─── EXTRACTED ENTRIES ───
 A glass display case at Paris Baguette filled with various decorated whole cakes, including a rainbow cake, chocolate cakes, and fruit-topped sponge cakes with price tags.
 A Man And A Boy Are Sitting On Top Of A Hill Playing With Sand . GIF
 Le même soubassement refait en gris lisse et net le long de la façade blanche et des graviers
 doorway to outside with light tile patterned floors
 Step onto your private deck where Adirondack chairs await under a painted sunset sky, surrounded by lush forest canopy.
───
─── EXTRACTED ENTRIES ───
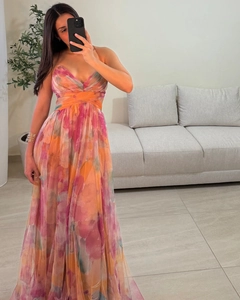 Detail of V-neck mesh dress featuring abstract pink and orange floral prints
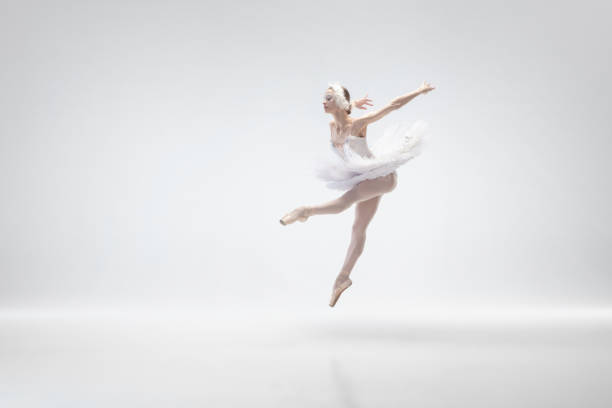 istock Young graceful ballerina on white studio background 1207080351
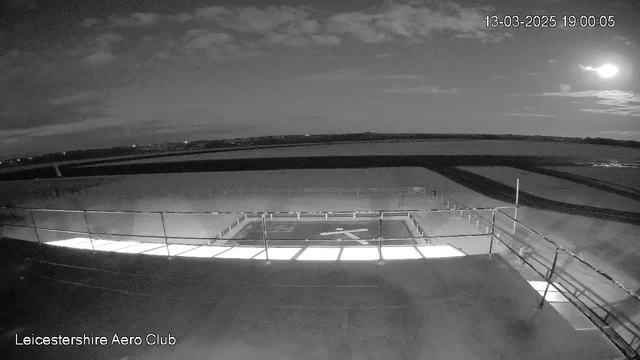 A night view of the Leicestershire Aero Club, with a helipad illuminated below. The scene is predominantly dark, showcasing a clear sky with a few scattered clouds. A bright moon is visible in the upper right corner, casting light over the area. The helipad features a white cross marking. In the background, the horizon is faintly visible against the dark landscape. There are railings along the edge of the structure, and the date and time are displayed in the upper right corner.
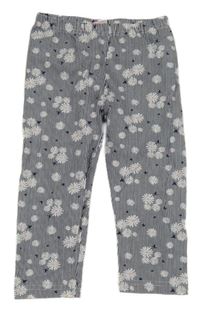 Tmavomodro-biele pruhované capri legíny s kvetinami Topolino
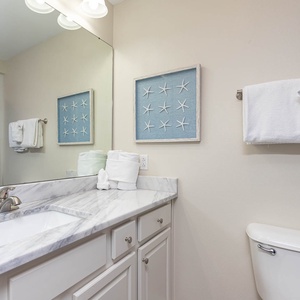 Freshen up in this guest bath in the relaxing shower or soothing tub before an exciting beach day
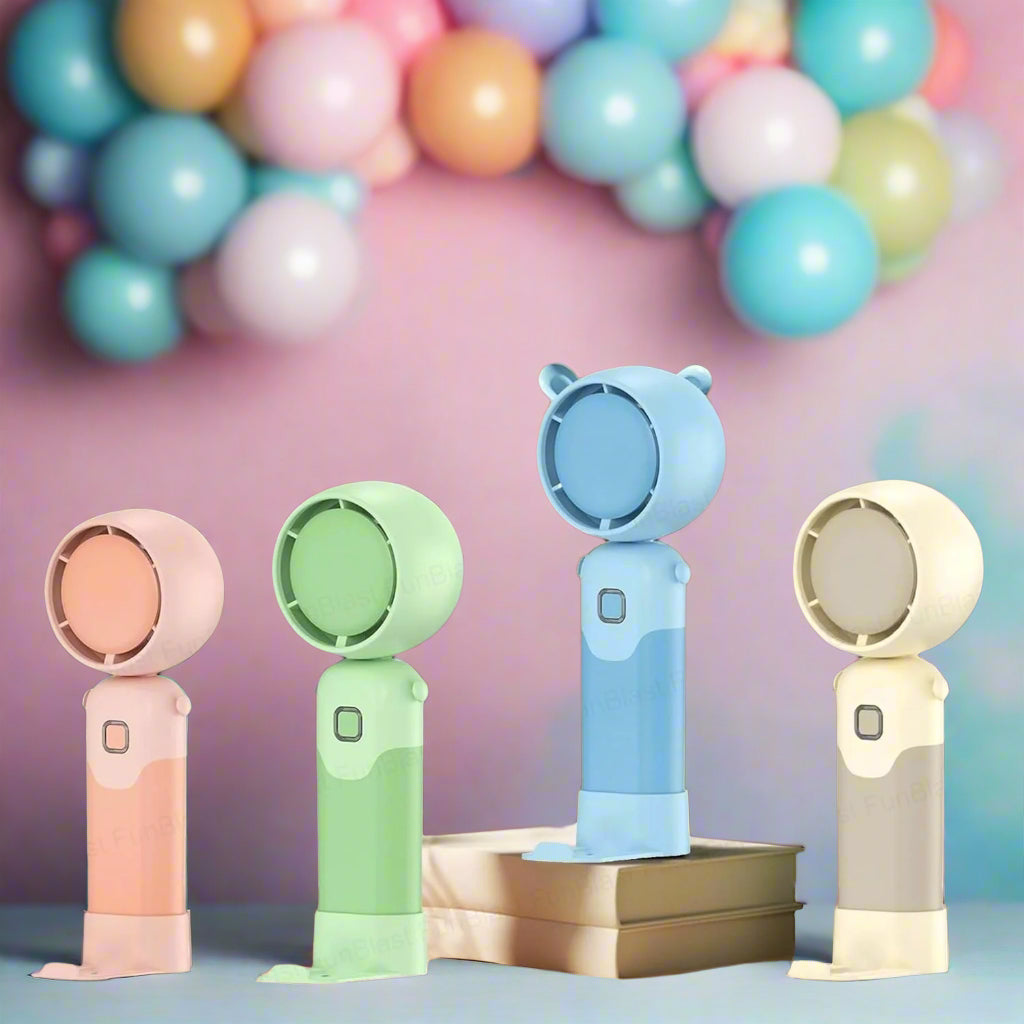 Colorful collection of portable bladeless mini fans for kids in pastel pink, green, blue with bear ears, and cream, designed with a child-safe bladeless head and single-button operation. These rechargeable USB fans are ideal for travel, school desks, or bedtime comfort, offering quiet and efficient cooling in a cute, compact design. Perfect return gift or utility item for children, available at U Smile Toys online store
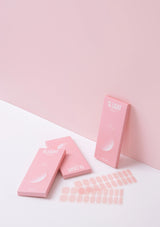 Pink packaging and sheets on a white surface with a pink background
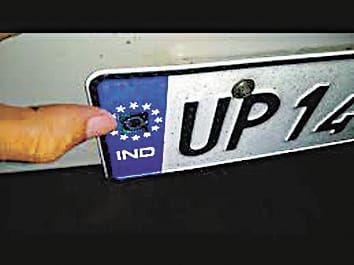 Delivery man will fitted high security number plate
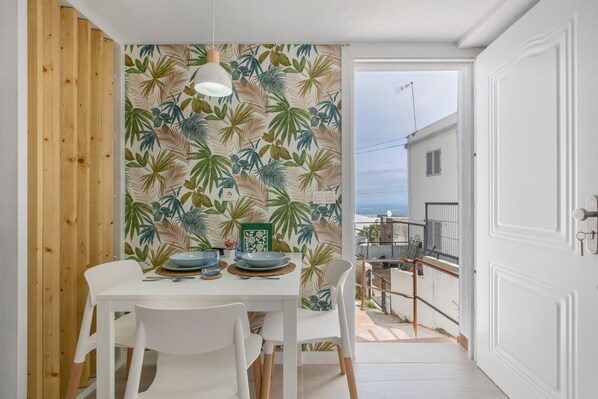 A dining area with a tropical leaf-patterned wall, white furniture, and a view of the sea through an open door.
───
─── EXTRACTED ENTRIES ───
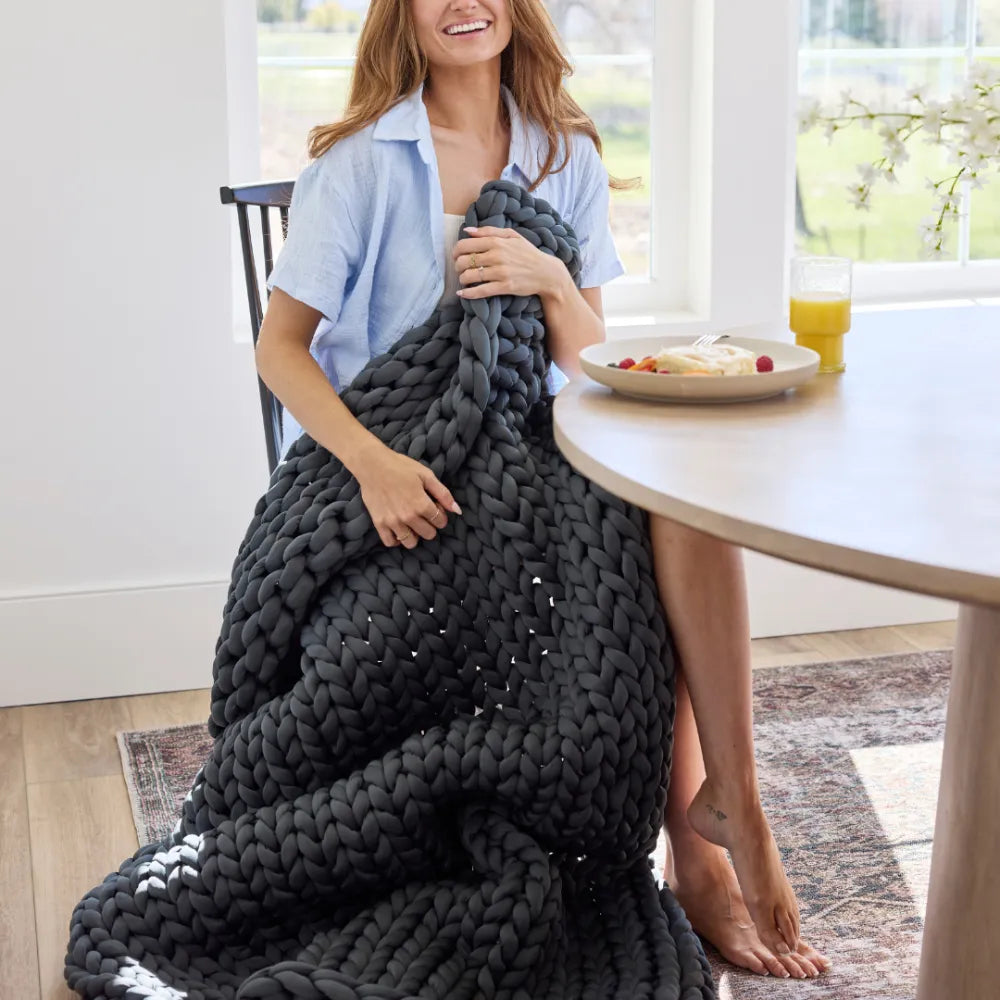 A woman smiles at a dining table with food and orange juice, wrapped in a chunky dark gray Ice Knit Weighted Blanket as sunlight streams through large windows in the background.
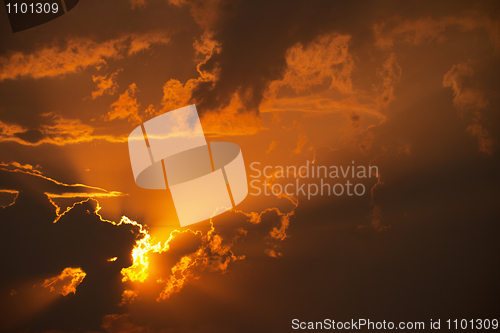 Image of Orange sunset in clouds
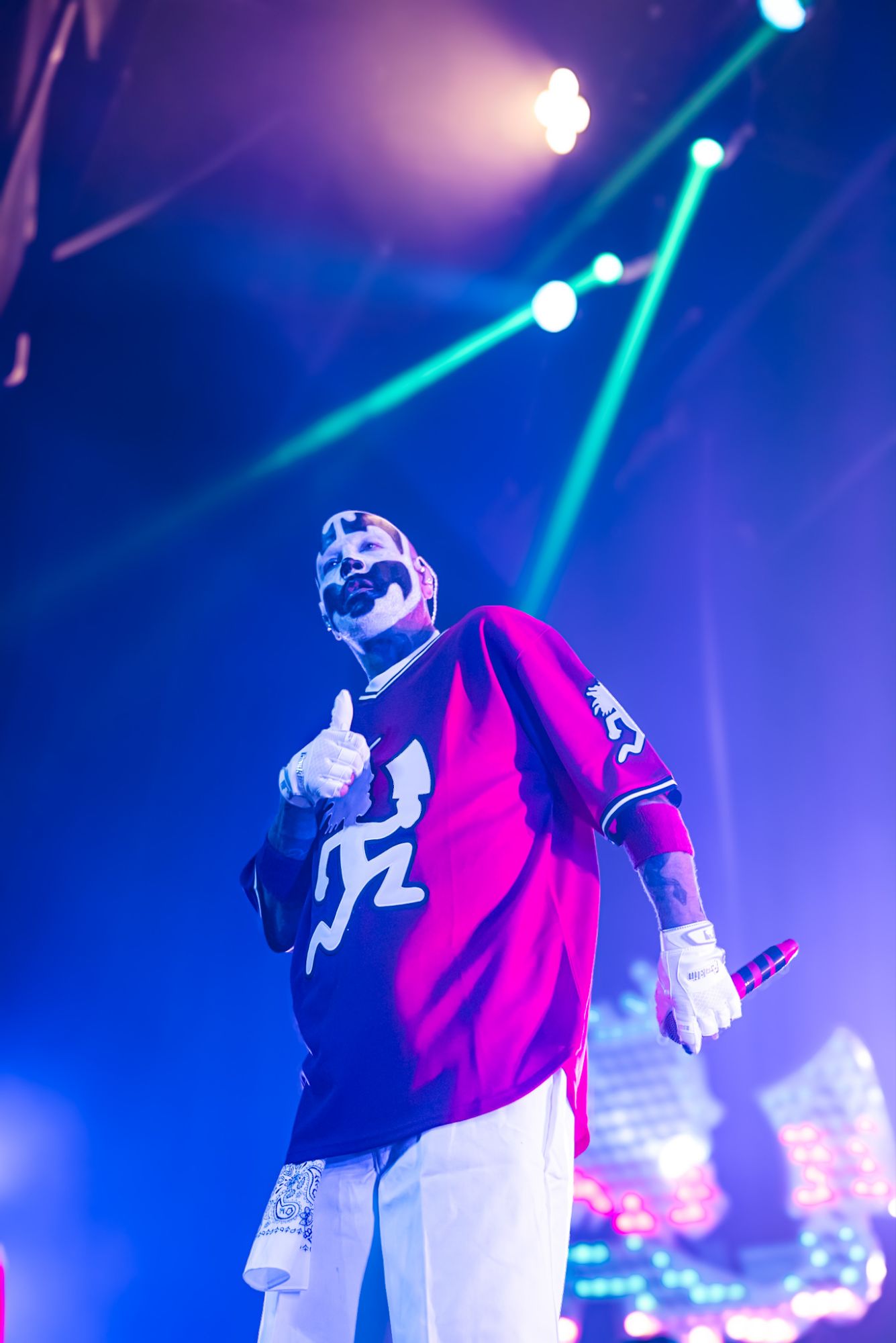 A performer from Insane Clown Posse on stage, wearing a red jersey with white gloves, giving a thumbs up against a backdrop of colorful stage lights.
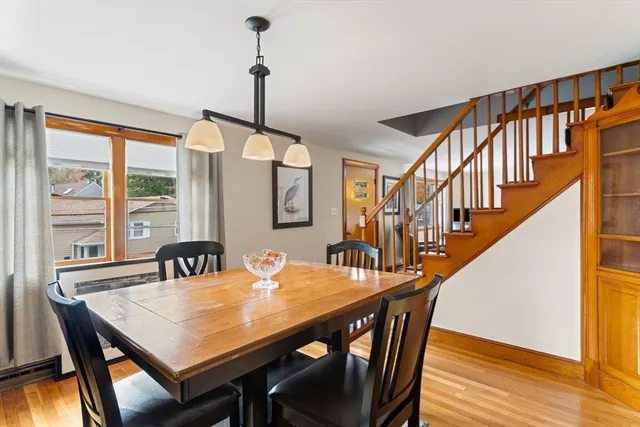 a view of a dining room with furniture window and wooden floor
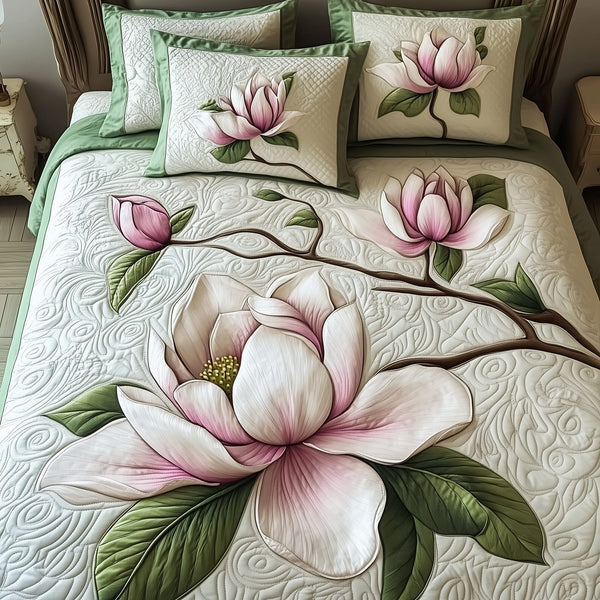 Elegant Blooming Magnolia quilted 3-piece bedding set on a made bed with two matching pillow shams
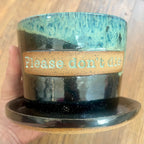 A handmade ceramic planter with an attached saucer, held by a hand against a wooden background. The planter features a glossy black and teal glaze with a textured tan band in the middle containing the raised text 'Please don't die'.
───
- **DESCRIPTION OF THE TASK**: Lines from the one above containing "Delivery man will" down to the one containing "A dining area" should be transcribed exactly, with both ends kept and no pictures.

- **RESULT FOR THIS EXERCISE**:
 Delivery man will fitted high security number plate
 A dining area with a tropical leaf-patterned wall, white furniture, and a view of the sea through an open door.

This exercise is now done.